Mr. Buckman closed his talk with a compelling thought: “I was a witness as a child to all of this. When I share this with all of you, you become witnesses to it too.”
 
After a short break, students heard from Alex Nelson, a survivor of the Alert Bay residential school.
 
Acknowledging the power of Alex Buckman’s story on everyone in the room, Alex Nelson began by asking: “How do you recover? You have a heart that feels the pain of a history. I am so glad we had the chance to be outside in the break, because Mother Nature has a way of saying ‘we’re ok now’.”
 
Before telling his own story, Mr. Nelson shared a song written by his brother, a cultural leader, that was dedicated to survivors and future generations, noting that: “there are times that we cannot forget the history  but we can learn to forgive.”
 
Mr.
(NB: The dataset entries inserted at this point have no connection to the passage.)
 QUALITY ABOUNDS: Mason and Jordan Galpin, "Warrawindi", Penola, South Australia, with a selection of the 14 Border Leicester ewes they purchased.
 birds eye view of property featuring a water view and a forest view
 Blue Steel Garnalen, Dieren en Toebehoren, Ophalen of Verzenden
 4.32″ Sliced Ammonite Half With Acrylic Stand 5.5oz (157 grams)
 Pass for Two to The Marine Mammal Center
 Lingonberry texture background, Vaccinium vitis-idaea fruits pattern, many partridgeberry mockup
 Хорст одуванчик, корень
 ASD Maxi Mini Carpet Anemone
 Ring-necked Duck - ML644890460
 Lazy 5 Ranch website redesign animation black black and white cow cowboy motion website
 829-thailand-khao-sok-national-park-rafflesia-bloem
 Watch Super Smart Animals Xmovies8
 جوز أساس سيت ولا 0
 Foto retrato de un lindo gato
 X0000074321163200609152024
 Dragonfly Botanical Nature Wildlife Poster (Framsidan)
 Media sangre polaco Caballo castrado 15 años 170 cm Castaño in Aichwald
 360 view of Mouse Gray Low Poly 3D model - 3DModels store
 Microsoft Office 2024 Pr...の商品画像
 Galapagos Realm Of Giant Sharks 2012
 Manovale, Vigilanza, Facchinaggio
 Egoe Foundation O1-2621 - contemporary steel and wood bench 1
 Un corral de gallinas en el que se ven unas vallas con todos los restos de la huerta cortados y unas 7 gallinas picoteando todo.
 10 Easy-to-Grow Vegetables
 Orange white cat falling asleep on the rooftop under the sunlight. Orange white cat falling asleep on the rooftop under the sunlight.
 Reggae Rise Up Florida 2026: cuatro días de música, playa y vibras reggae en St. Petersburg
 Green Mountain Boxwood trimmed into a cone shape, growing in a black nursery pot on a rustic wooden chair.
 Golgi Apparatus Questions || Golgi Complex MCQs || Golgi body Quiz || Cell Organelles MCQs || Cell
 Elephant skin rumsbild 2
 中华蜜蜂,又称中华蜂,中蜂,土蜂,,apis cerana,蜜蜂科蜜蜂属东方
Nelson drew a sharp parallel between his life before and after the residential school. “I am from the Musgamagw Dzawada’enuxw First Nations in Kingcome Inlet, a remote inland village east of Alert Bay and Port McNeill at the northern tip of Vancouver Island.”
 
“For the first years of my life, I had everything I needed: the arms of mom and dad, family, safety, love, and care. My life was the air, sky, water, and forest. I would swim in the river, pick berries, and play soccer,” described Mr. Nelson. “I loved Kingcome because I was free. Everything was nice and green, and everyone in the village looked after each other. Your family gives you the foundation to speak and to stand. In Kingcome our family was complete and I was happy.”
 
“When I was eight it all changed,” said Mr. Nelson. “I was sent to residential school, to Saint Michael’s in Alert Bay. It was a six-hour journey by boat. The building looked so big to me and I was so scared. I was there with my brother, and we were proud to have folded our clothing nicely in our brown suitcases. We registered and those suitcases were put away and we were given new clothes… and a number. I was number 23.”
 
There were four residential schools on Vancouver Island. Alex was sent to Saint Michael’s in Alert Bay. “We were divided by age, and by gender. There was a wing for boys, and a wing for girls. There was a separate floor for junior, intermediate, and senior students,” said Mr. Nelson. “I had been part of a small village with my family. I was now thrown into a room with 30 other boys.”
 
“We lined up and stood at attention for everything: bed inspection at 6:30 in the morning, breakfast, lunch, and dinner. Over time, you became numb to the daily punishments, the public shaming, and the bullying,” described Mr. Nelson. “Sports was my savior – it helped me in life and it helped me survive seven years at the residential school.”
 
Mr. Nelson closed by saying: “Telling and retelling my story helps my healing journey. For you to be here, listening respectfully and being in the moment, is very healing for me, and is an act of reconciliation.”